DIRECTIONS:
The lines from the one containing "まいたけを匂って・・・" through the last line below, both ends included, must be reproduced exactly, with no pictures.

---------- RECORDS

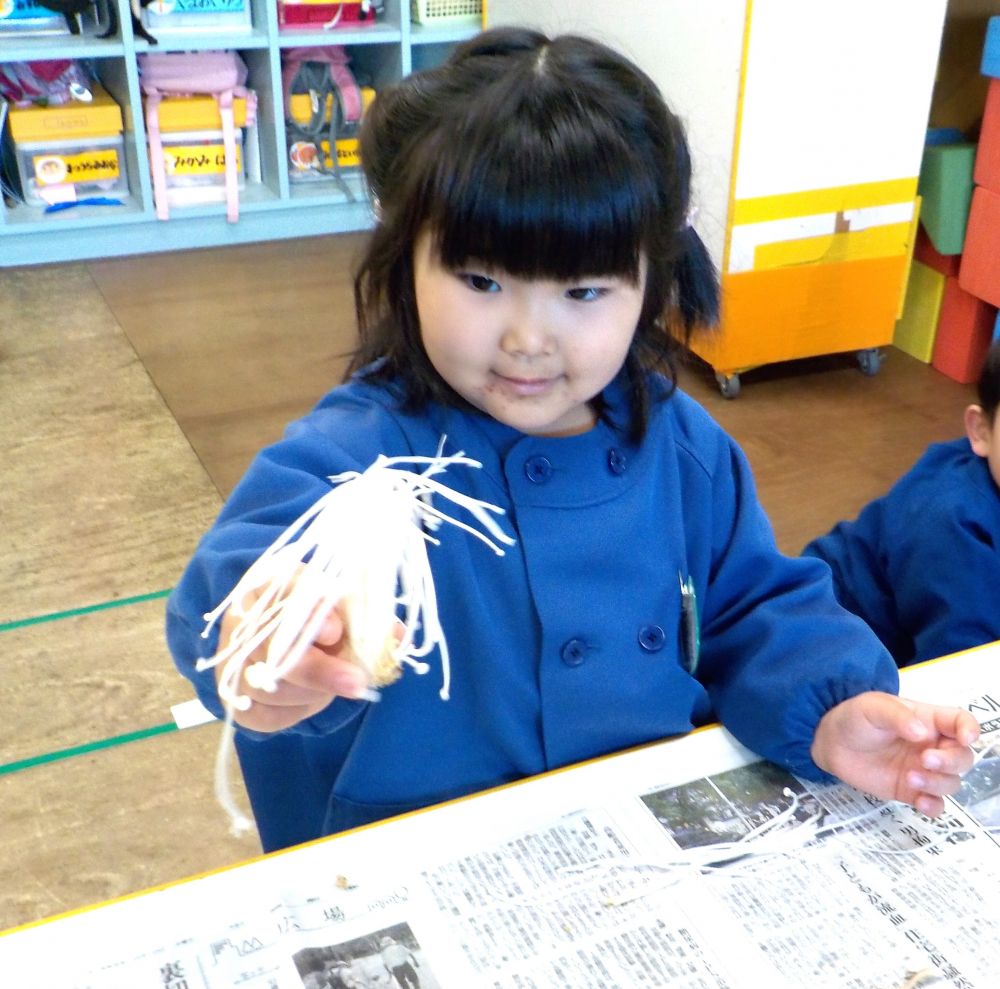 １１月の食育活動は今が旬の【きのこ】に触れました。

今日はゾウ組さんときのこの話をしました。
えのきだけ、しめじ、まいたけを触って、匂って、指先を使って裂いてみました！！

まいたけを匂って・・・
「くっさー」
「なんか美味しそう♡」

「見てみて～べっちゃーの棒みたいー！！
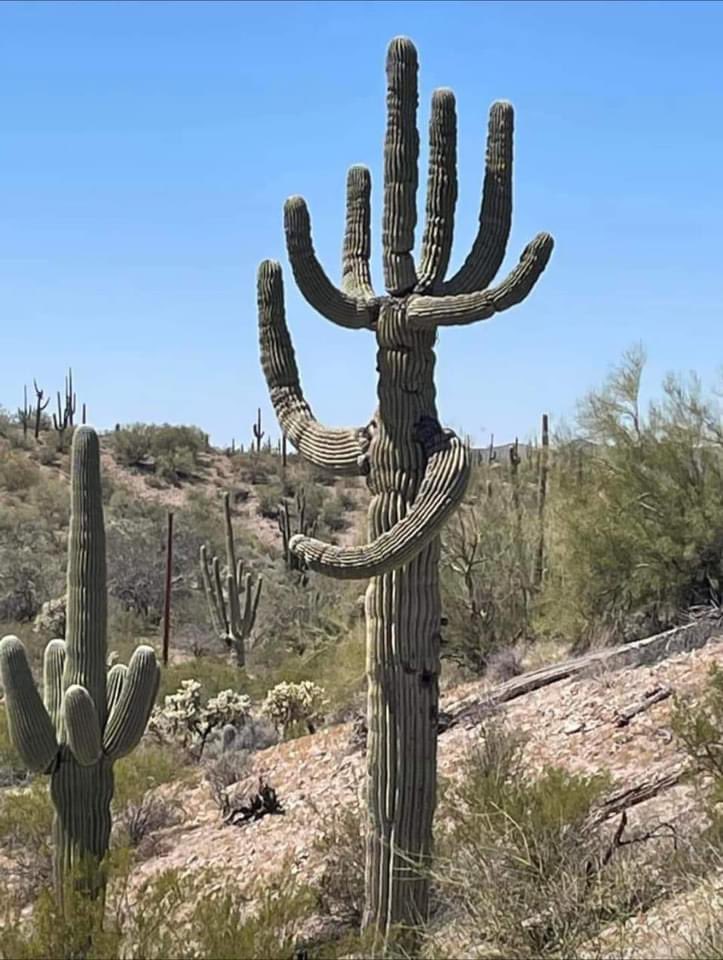 Gladiator of the Sonoran desert, a living Saguaro Kachina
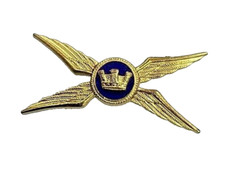  💎 distintivo brevetto da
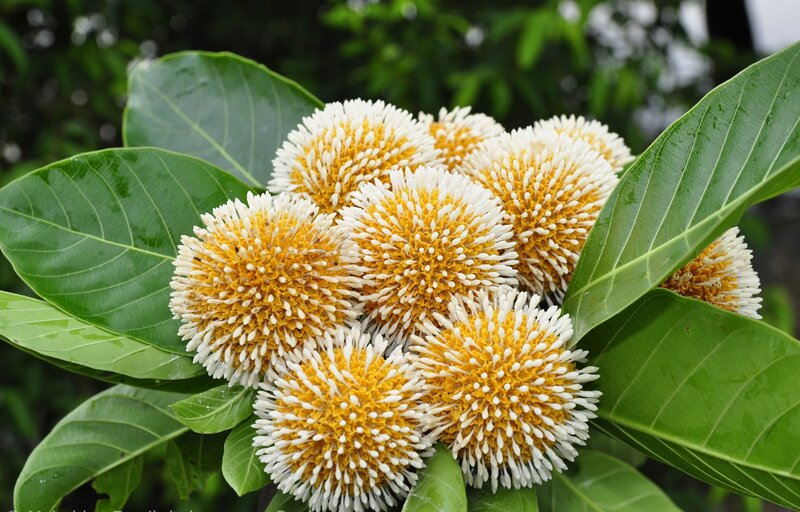 Cluster of Yellow-white Flowers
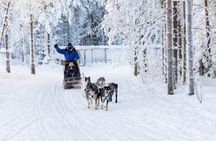 Arctic Combo, Huskies & Reindeer - Rovaniemi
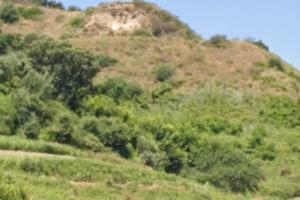 Terreno collinare vista mare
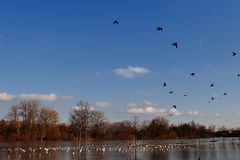 Hochwasser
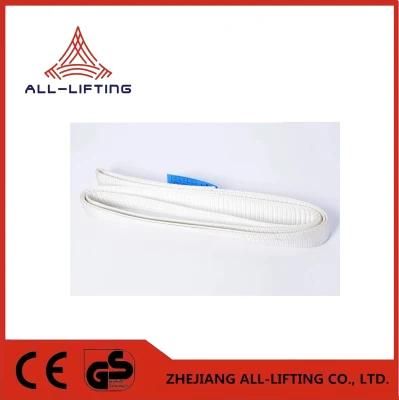 Polyester En1492 Standard Wll500kg Endless Sling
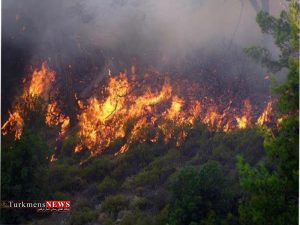 آتش سوزی جزیره میانکاله اطفا شد 300x225 - آتش سوزی جزیره میانکاله اطفا شد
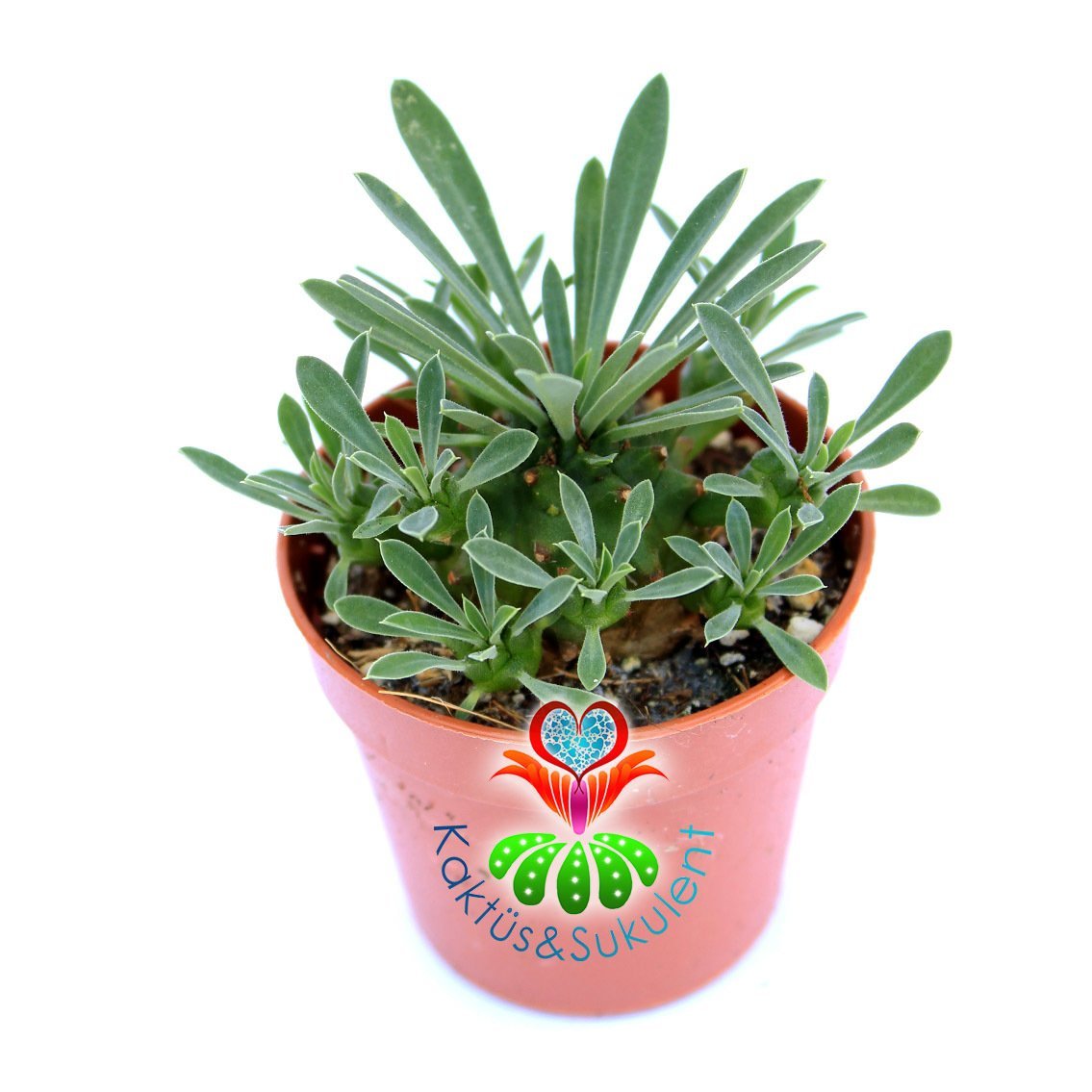 Euphorbia Japonica-Nadir Hibrid Tür-5,5 cm Saksıda-Kozalak Kaktüs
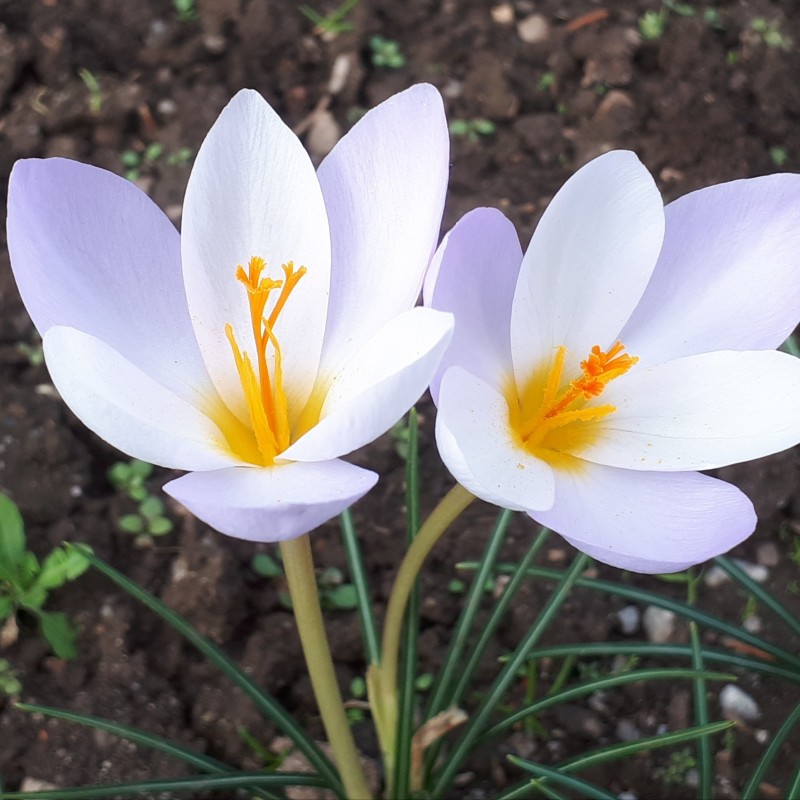 Crocus niveus Crocus niveus
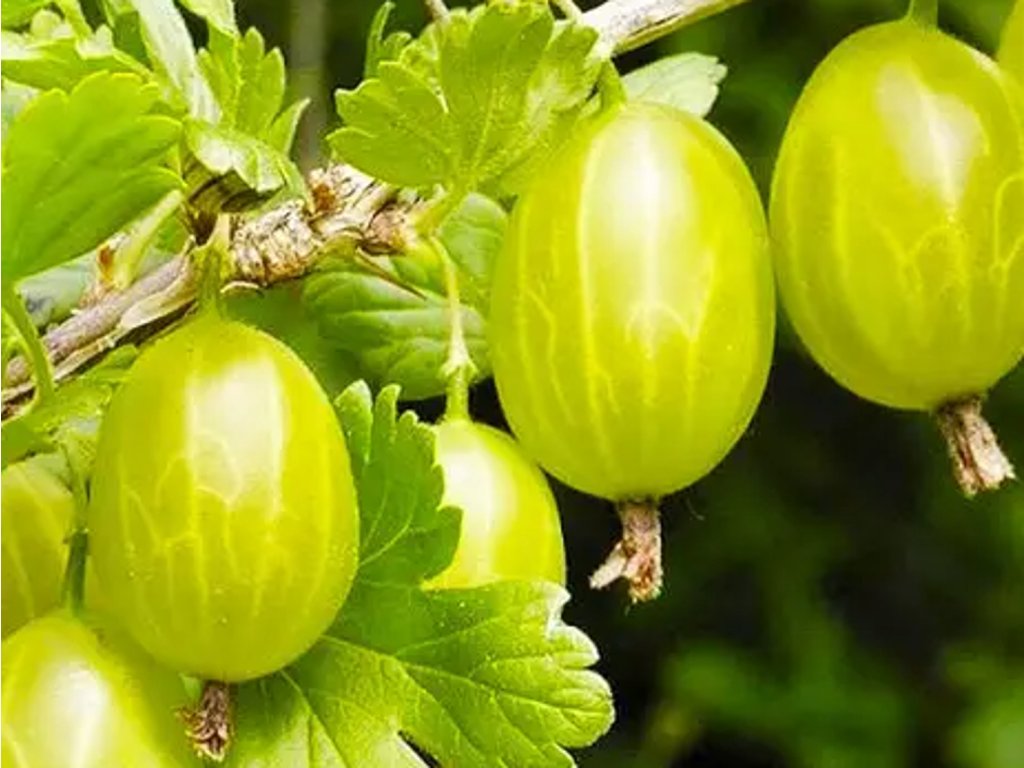 Náhled Angrešt 'Rodnik'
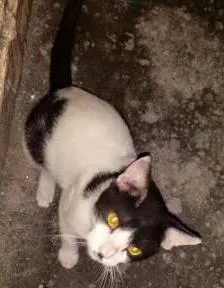 Gato raça - idade 7 a 11 meses nome -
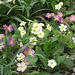 The primroses and primulas growing together
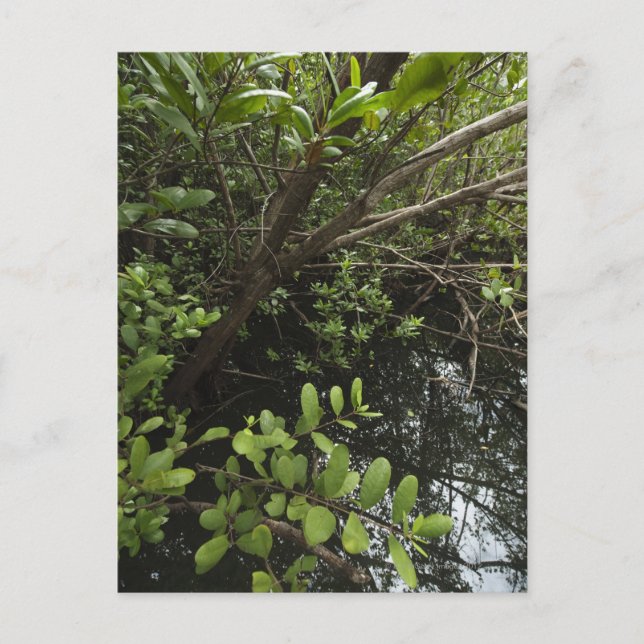 Carte Postale Etang de sel tropical (Devant)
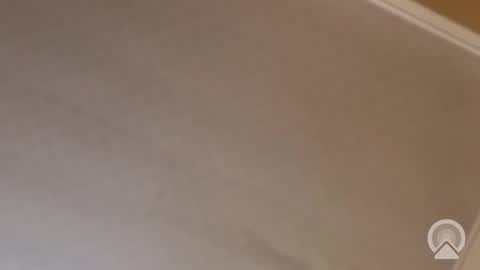 Snapshot of trinislim1868 chatting on 13, 11, 2025 Antique-Shirt2516 online show from 13, 11, 2025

--------------------

ANSWER TO THIS TASK:
まいたけを匂って・・・
「くっさー」
「なんか美味しそう♡」

「見てみて～べっちゃーの棒みたいー！！
 Gladiator of the Sonoran desert, a living Saguaro Kachina
  💎 distintivo brevetto da
 Cluster of Yellow-white Flowers
 Arctic Combo, Huskies & Reindeer - Rovaniemi
 Terreno collinare vista mare
 Hochwasser
 Polyester En1492 Standard Wll500kg Endless Sling
 آتش سوزی جزیره میانکاله اطفا شد 300x225 - آتش سوزی جزیره میانکاله اطفا شد
 Euphorbia Japonica-Nadir Hibrid Tür-5,5 cm Saksıda-Kozalak Kaktüs
 Crocus niveus Crocus niveus
 Náhled Angrešt 'Rodnik'
 Gato raça - idade 7 a 11 meses nome -
 The primroses and primulas growing together
 Carte Postale Etang de sel tropical (Devant)
 Snapshot of trinislim1868 chatting on 13, 11, 2025 Antique-Shirt2516 online show from 13, 11, 2025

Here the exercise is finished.